The report identifies four key ways that IoT technology can benefit customers: monitoring and improving experiences with company offerings; personalizing each situation for the customer; automatically improving and learning over time via updates to products and services; and reinventing product access and purchase.

In terms of monitoring and improving experiences, the report notes that customers attending a Red Sox baseball game at Boston’s Fenway Park, for example, might expect the venue to be able to provide seat-based food delivery and automatic updates on when the lines at beer stands are short. Similarly, users of iRobot’s Wi-Fi-enabled Roomba robot vacuum today expect customer service reps to know their vacuum’s status and battery cycle count when they contact the company with a problem.

As for personalization, the report asserts that customers expect experiences to be regularly refined to their particular needs based on real-world context. As an example, the report cites Schneider Electric’s smart commercial electrical panels, which monitor energy use and deliver custom notifications to customers and service technicians based on their needs.

With regard to product and service updates, the report says IoT data can provide valuable insights on how companies can improve their offerings. One company mentioned in the report is electric car manufacturer Tesla. The company in late 2016 introduced the hardware needed to operate its Autopilot 2.0 self-driving system in all its vehicles, but it has been slow to roll out the software needed to make self-driving Tesla cars a reality. Tesla drivers have been very vocal in their criticism of the company’s progress on that front, and Tesla listened and is now rebuilding all of its Autopilot features on a new architecture powered by neural net and computer vision technology. Tesla CEO Elon Musk now says the new Autopilot update is in final testing.

As for reinventing product access and purchase, companies are using the IoT to offer their products and services in new ways, according to the report.

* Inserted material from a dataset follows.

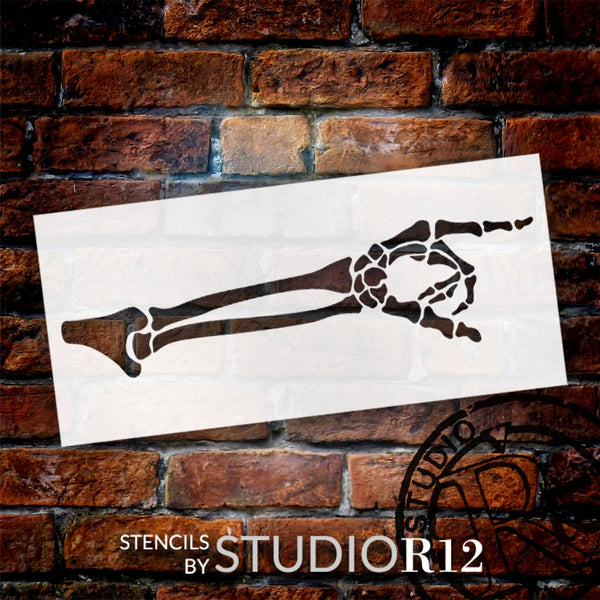 Embellished Skeleton Pointing Hand & Arm Stencil by StudioR12 | Craft DIY Halloween Home Decor | Indoor Decorations | Paint Wood Sign | Select Size | STCL6418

The report cites smart bike sharing platform Mobike, which offers dockless, cash-free bike sharing, as an example.

But these are not the only ways that the IoT is shaping consumer-company interactions. A new class of software, called customer journey analytics platforms, is emerging that enables customer experience (CX) professionals to analyze, plan, test, and automate customer journeys. The report asserts that these customer journey analytics platforms—offered by companies such as Adobe, NICE, and Teradata—are the best place for organizations to integrate new IoT data and control options.

“Their primary purpose is not in fact Internet of Things. They were designed to help collect and organize information from…existing business applications or digital systems,” Gillett explains. These include all of an organization’s CRM applications, website interactions, mobile app interactions, and even interactions with third parties, as part of their ongoing relationship with the company.

“However, what we’re arguing in this report is that those journey analytics platforms, because they integrate all this different digital interaction into a complete view, are going to be an important place for customer experience professionals, those responsible for assessing and improving customer journeys…to integrate this new class of information [from IoT devices],” he concludes.